Amazon.com (NASDAQ:AMZN) founder and CEO Jeff Bezos knows a great deal about rockets. The CEO's first tweet was not to trumpet the success of his online-shopping operations, but rather of his relatively obscure Blue Origin private spaceflight firm, tweeting a short film of a rocket landing. Later, Bezos "offered" a seat on one of those rockets to leading Republican presidential candidate Donald Trump, after The Donald criticized Bezos for his ownership of The Washington Post.
The rocket analogy is apt for Bezos, as this is a man who has seen his net worth explode to an estimated nearly $35 billion as of this writing, with the vast majority of that wealth held in shares of Amazon, as shares of the company are on a rocket-like path this year. Year to date, shares of the company have increased more than 100% as the company has swung to two consecutive quarters of reporting net income after years of losses.

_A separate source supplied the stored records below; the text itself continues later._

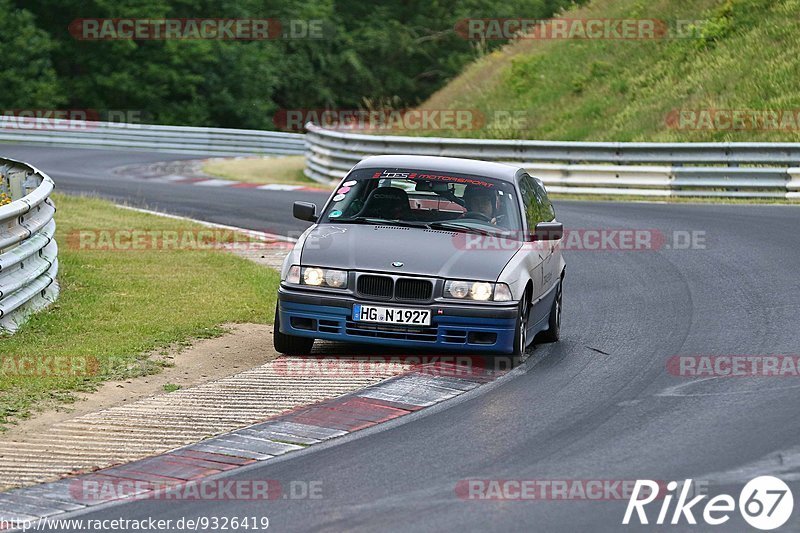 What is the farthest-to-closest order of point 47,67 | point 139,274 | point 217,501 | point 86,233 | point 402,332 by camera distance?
point 47,67
point 86,233
point 139,274
point 402,332
point 217,501

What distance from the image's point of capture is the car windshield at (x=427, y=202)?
10.9m

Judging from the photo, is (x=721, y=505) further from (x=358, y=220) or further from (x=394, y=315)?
(x=358, y=220)

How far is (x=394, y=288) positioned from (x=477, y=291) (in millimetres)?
628

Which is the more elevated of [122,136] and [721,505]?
[721,505]

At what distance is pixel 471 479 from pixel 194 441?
1897 millimetres

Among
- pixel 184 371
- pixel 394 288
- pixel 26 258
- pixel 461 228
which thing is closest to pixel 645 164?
pixel 461 228

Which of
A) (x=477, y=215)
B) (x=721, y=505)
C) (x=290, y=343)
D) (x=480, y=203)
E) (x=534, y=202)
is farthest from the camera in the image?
(x=534, y=202)

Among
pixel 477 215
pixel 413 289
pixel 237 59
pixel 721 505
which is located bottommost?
pixel 721 505

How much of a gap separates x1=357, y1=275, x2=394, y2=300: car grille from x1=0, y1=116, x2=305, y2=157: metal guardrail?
97.7 feet

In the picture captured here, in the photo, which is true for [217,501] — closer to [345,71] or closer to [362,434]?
[362,434]

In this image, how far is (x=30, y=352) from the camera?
1023 cm

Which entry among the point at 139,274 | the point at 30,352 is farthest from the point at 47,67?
the point at 30,352

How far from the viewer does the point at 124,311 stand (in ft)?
40.3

According to analyst firm Pacific Crest, Amazon's tremendous run isn't over. The analyst firm recently opened coverage of the company with a 12-month price tag of $800 -- an increase of 20% from current prices.

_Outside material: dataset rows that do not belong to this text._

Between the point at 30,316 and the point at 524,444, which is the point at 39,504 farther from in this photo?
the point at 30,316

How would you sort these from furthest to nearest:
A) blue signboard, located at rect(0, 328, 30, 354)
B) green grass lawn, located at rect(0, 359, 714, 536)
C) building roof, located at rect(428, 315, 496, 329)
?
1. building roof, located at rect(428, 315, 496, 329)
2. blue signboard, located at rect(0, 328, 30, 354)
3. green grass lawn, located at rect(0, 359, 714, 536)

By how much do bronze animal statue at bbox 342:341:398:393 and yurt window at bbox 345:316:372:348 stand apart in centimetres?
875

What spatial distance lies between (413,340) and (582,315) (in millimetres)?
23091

Amazon's retail business is increasing
In Pacific Crest's note, the analysts mention e-commerce expansion as one of the bigger drivers, with online shopping expected to grow from 7% of total sales to 30% in the next five years. This change in buying behavior benefits Amazon; e-commerce analytics firm Slice Intelligence estimated Amazon took a massive 36% of all online shopping spend on Black Friday.

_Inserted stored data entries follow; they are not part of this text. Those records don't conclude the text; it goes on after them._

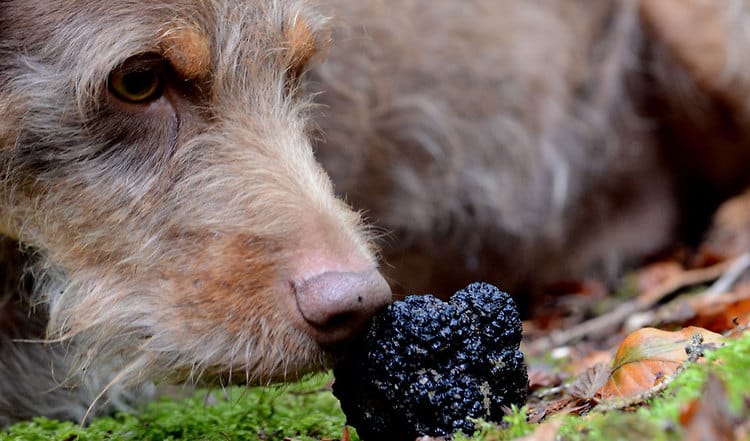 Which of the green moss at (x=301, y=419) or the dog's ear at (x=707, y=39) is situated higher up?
the dog's ear at (x=707, y=39)

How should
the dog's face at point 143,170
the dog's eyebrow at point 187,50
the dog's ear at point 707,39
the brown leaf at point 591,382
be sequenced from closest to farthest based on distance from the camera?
the brown leaf at point 591,382 → the dog's face at point 143,170 → the dog's eyebrow at point 187,50 → the dog's ear at point 707,39

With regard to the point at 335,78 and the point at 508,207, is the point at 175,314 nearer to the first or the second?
the point at 335,78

Interestingly enough, Best Buy (NYSE:BBY), a firm once considered most threatened by Amazon and the "showrooming" effect, finished second with 8% of online spend on Black Friday, according to Slice Intelligence. Improving its online operations was a wise and prudent business move for Best Buy, as Slice estimated online Black Friday sales rose 7%, which presumably will be higher than Black Friday's total increase in sales, which would lend credence to Pac Crests' view that foot-traffic commerce will shift to e-commerce moving forward.
Is Pac Crest underappreciating another large driver?
It's easy to classify Amazon as a retailer. That's the most-visible consumer-facing portion of the business, and contributed over 90% of the company's top line in the third fiscal quarter. For investors, who are more concerned about the company's bottom line, the company's Amazon Web Services is a large reason for the sudden profitability and overperformance, as the division contributed nearly 52% to segment operating income as it has a much-higher profit profile. When it comes to profitability, Amazon isn't a retailer as much as it is a cloud-hosting business.
Not only that, it seems this business is on a solid growth path. In October, a company representative disclosed the service is on pace for a run rate of $7.3 billion this year, up 81% from last year's revenue haul. If Amazon is able to continue a growth rate similar to the one it's currently experiencing with the same profit profile, and maintains similar valuation metrics, it's possible Pacific Crest's estimate of $800 per share actually undervalues the company.